So Far, So Good...

So Far, So Good...

Though I’m naturally inclined to look for the good in things, you can put me in the category of folks concerned about throwing wide open pre-retirement access to retirement accounts. 

It has been a concern of mine since the first time we did so (Hurricane Katrina), then mostly because it occurred to me that once you’ve opened that door, it gets more difficult not to do it for the next disaster. And, let’s face it—if your house burns down all by itself, it’s no less a financial hardship to you as an individual than when wildfires decimate an entire community. Still, it’s hard to question the desire—the need—to allow those in desperate financial straits to tap all available financial resources to restore their lives, even at the risk of placing their eventual retirement at risk. 

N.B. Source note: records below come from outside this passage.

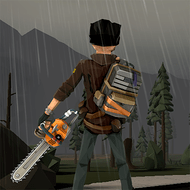 The Walking Zombie 2 Mod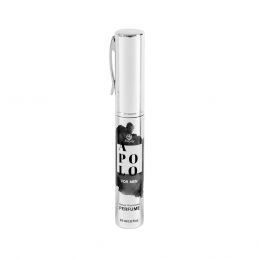 Votre Loveshop à Chartres 28 Jadelingerie-Chartres Apolo Spray
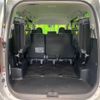 toyota noah 2012 -TOYOTA--Noah DBA-ZRR70G--ZRR70-0518580---TOYOTA--Noah DBA-ZRR70G--ZRR70-0518580- image 19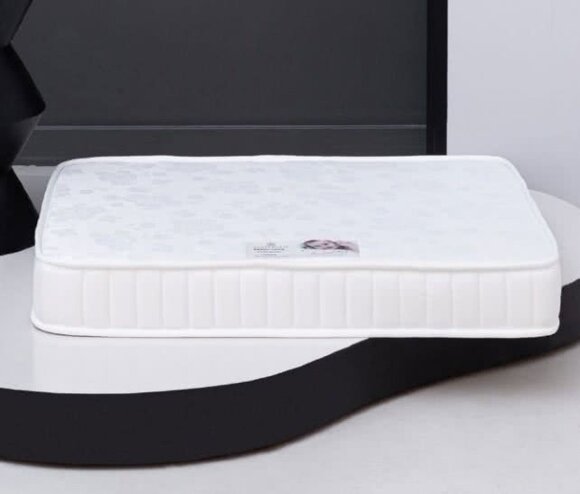 Детский матрас Materlux Divino Kids Детский матрас Materlux Divino Kids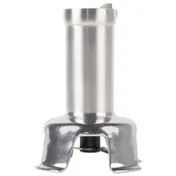 Robot Coupe 39335 Bell Cover Assembly for MP 350 and MP 450 2 image
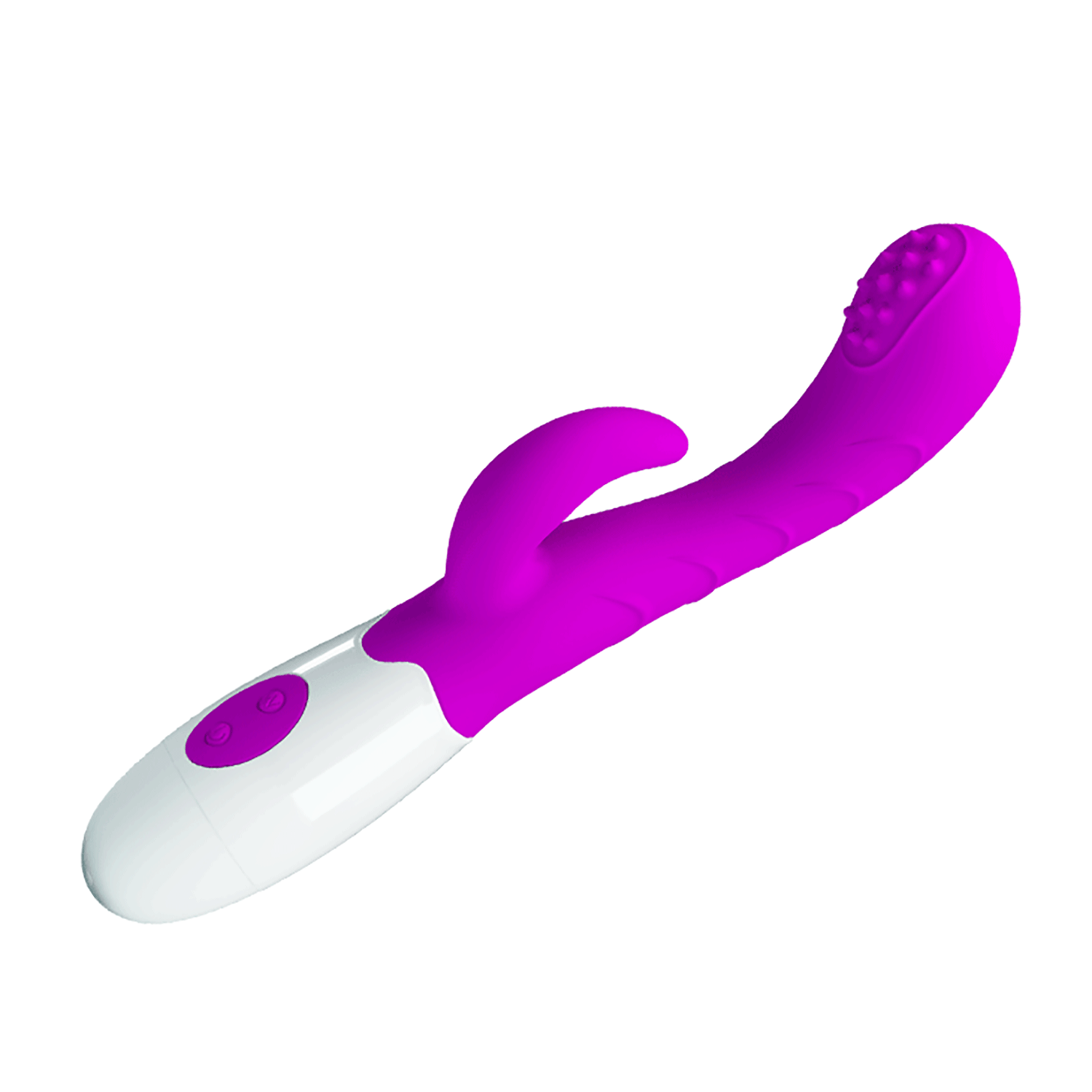 Pretty Love Rotating Vibrator - Image 2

This time seems different, of course. The impact, both physical and financial is more than a community, a state, or a region—it’s literally sweeping across the nation. However quickly different parts of the nation’s businesses come back on line, there’s little question that the restart will be measured, at best—and likely uneven. 

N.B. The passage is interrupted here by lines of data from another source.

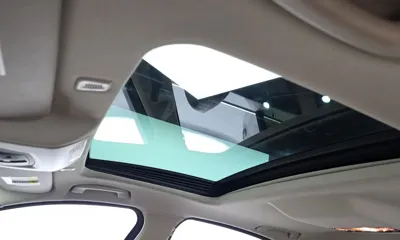 BMW 5-Series 2015, 127085 км, за 12300000 KRW - фото 17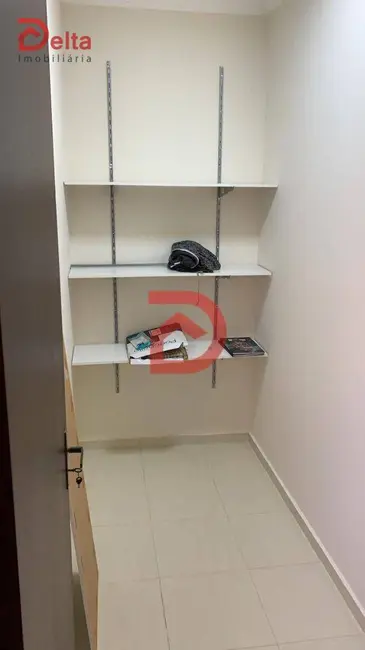 Foto 9 de Casa com 3 quartos à venda, 330m2 em Jardim Paulista, Atibaia - SP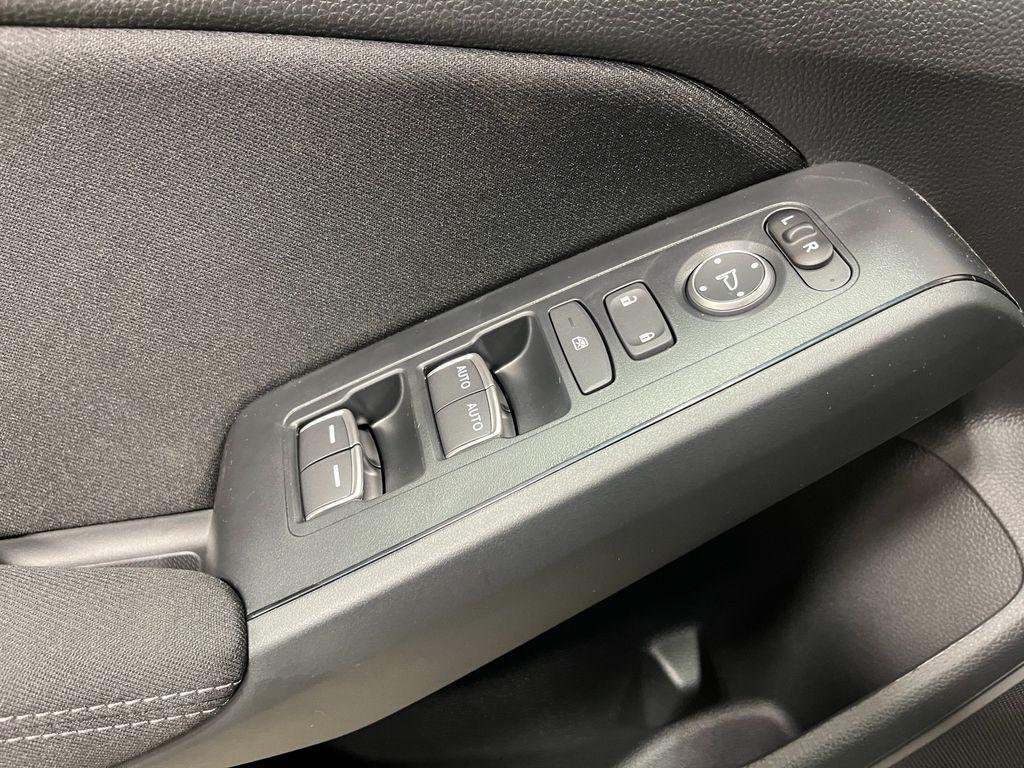 new 2026 Honda Civic car, priced at $28,990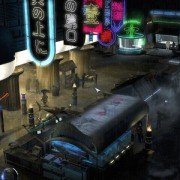 Blade Runner - galeria zdjęć - filmweb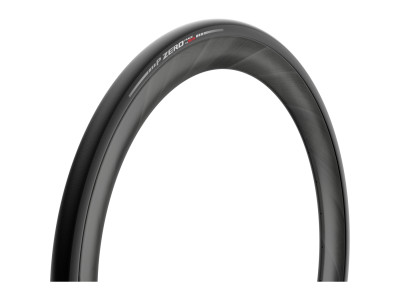 Pirelli P ZERO Race SL-R Folding Tire - TLR | LiteCore | PAAS | SmartEVO - 700x30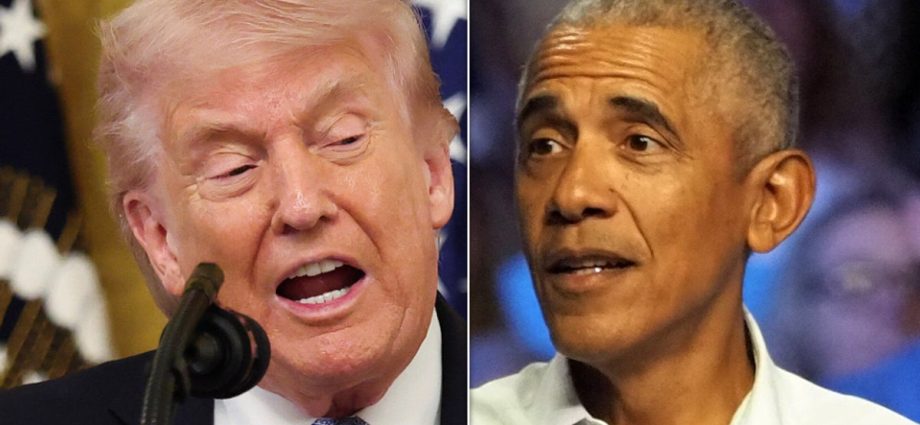 traitor-47-targets-obama-with-wild-‘traitors-bow’-meme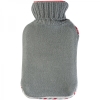 Christmas hot water bottle KALIBO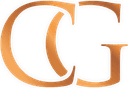 CG Dental Studio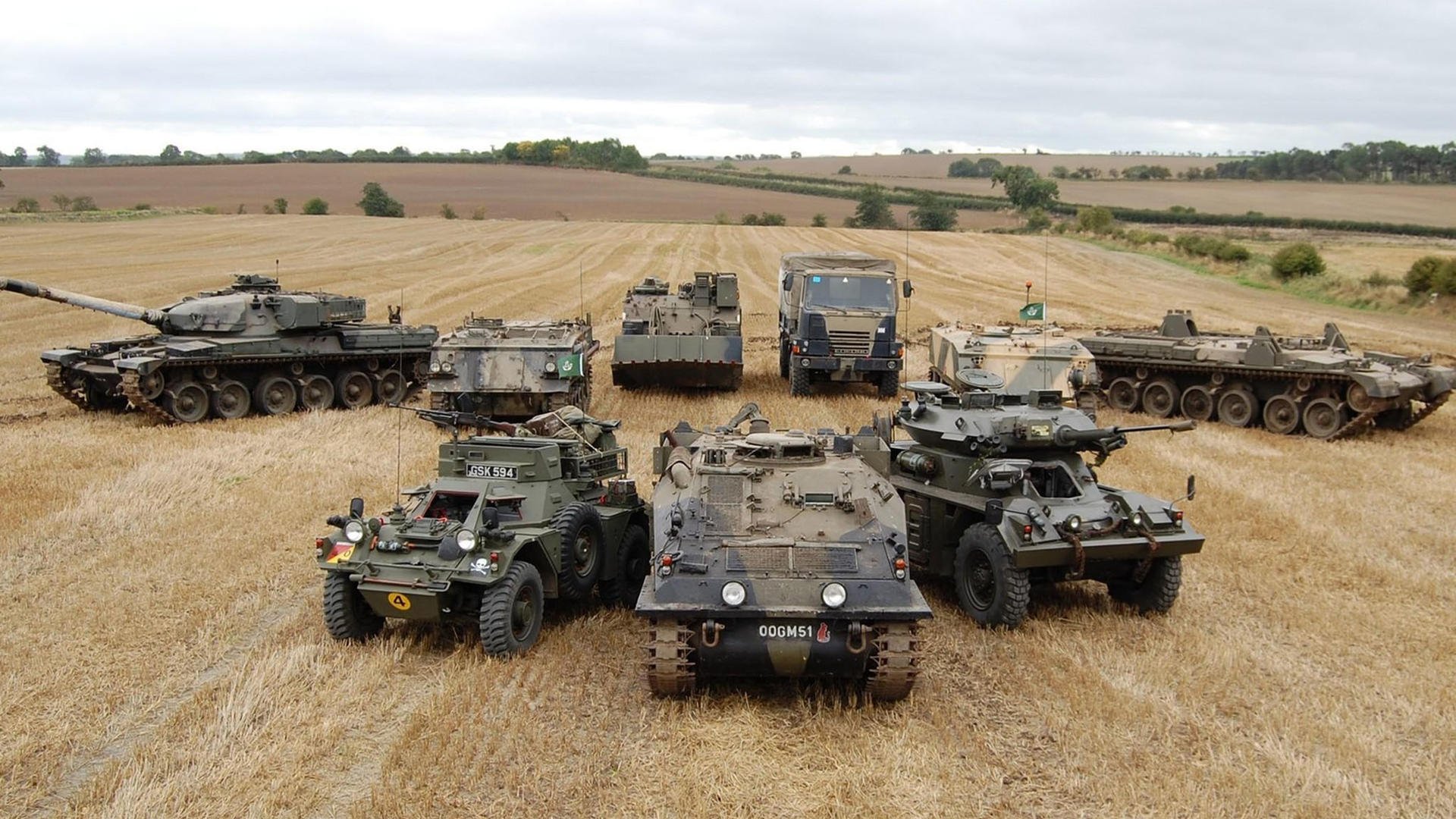 “足球+互联网++体育+文化”融合发展新格局逐步明朗，如何打造足球体育文化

That said, the word coming back from those on the front lines is encouraging. Lots of inquiries, as you would expect—but little action. Many advisors tell me they are explaining options (to both plan sponsors and participants), but with a cautionary note—and one that, writ large, anyway—seems to be taken to heart. 

While some trading volumes are higher, most participants appear to be riding this out. Nearly half (47.4%) of some 150 plan sponsor respondents indicated they are still deciding which of the CARES Act provisions to implement, according to a survey by the Plan Sponsor Council of America (PSCA), part of the American Retirement Association. 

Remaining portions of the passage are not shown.